Plaintiffs attempted to secure the passage of legislation from the Pennsylvania legislature in 1957, 1959 and 1963 to include themselves within the Blue Shield Regulatory Act. The attempts resulted in failures. The Pennsylvania Medical Society opposed this legislation and appealed to the legislature, just as the podiatrists appealed to the legislature. Apparently, the case that was presented by the podiatrists on these three occasions was not convincing to the legislature, and they declined to pass such legislation. The podiatrists now seek to vent their frustration by engaging in the present injunctive action. This struggle between opposing interest groups for the passage or defeat of proposed legislation is exactly the type of activity protected by the First and Fourteenth Amendments as interpreted by Noerr.

Order

And now, January 10, 1966, the demurrer of defendants is sustained at the cost of plaintiffs.

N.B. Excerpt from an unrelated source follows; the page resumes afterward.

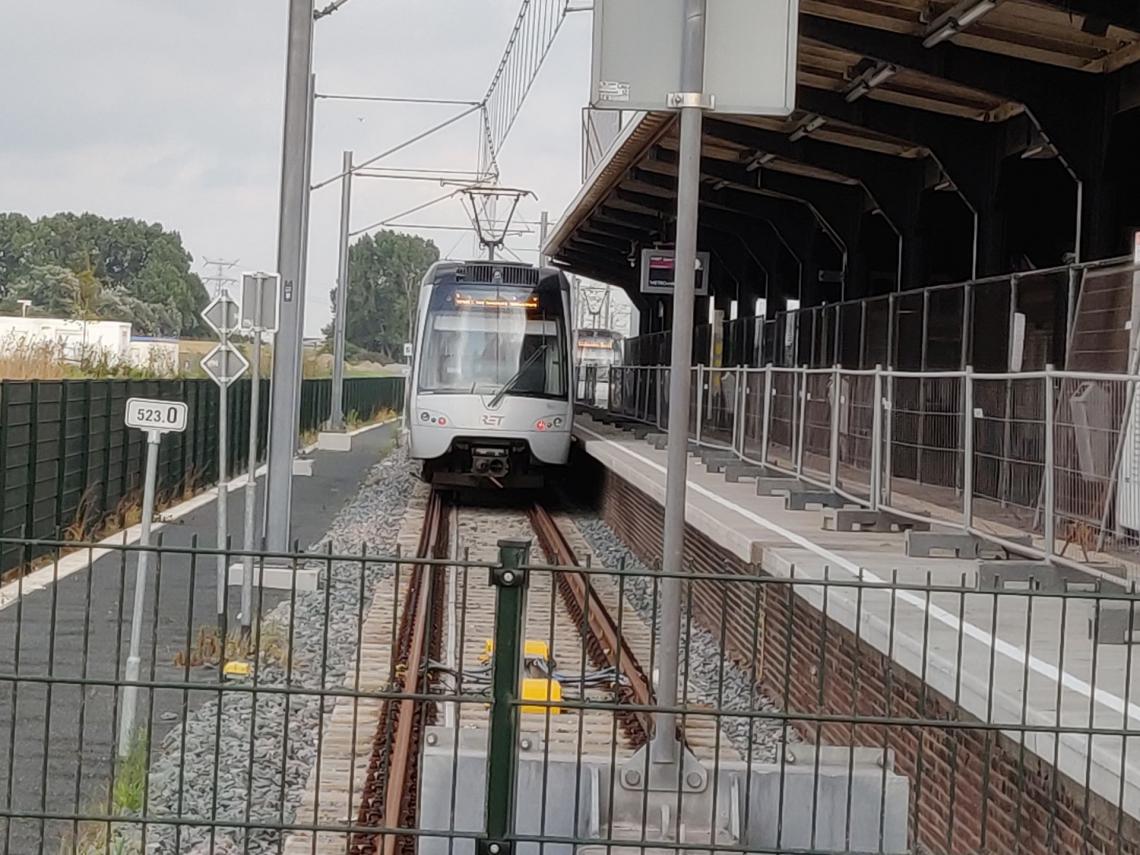 Metro's bij Hoek van Holland Haven (1 augustus 2019)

This is one of four related cases involving podiatry. The other three are: (A) Martin L. Fleishman v. Medical Service Association of Pennsylvania, no. 516, Commonwealth Docket, 1964, which is an action of mandamus to compel Medical Service Association of Pennsylvania (Blue Shield) to register podiatrists as participating *47doctors under the Blue Shield plan; (B) Frank Kennedy, Jr., v. Medical Service Association of Pennsylvania, no. 515, Commonwealth Docket, 1964, which is an action of quo warranto to forfeit Blue Shield charter and distribute its assets because of the alleged uneonstitutionality of the Blue Shield Regulatory Act of 1939, P. L. 1125, as amended, reported at 39 D. & C. 2d 27; (C) Leon Sandler v. Audrey R. Kelly, Insurance Commissioner, and Dr. Charles L. Wilbar, Jr., Secretary of Health, no. 2672, Equity Docket, no. 517, Commonwealth Docket, 1964, which is an action in equity to enjoin enforcement of the Blue Shield Regulatory Act of June 27, 1939, P. L. 1125, as amended, because of its alleged unconstitutionality.

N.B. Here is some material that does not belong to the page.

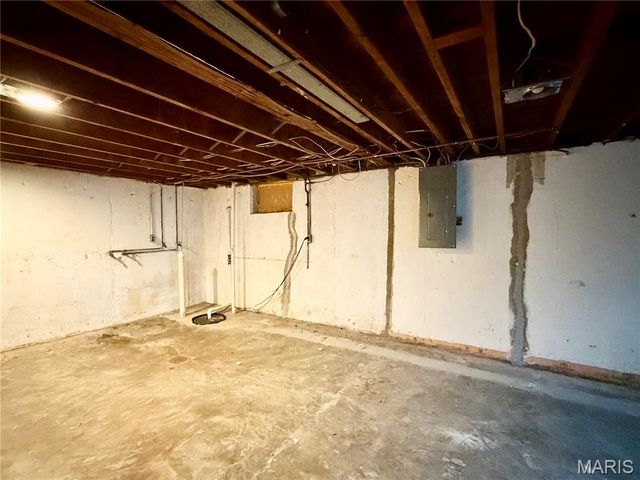 3740 Park Crest Drive, St Louis, MO 63125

Legislation referred to is set forth in paragraph 9 of the complaint, which reads as follows:

“Legislation, at the request of the Pennsylvania Podiatry Association, on behalf of its members, was introduced on February 19, 1957 (1957 H. B. 449, 476); on March 26, 1957 (1957 S. B. 469, 470); on March 2, 1959 (1959 S. B. 336, 337); on May 14, 1961 (1961 H. B. 1524, 1525); and on April 30, 1963 (1963 S. B. 478) to correct the unconstitutional deficiencies in said Act”.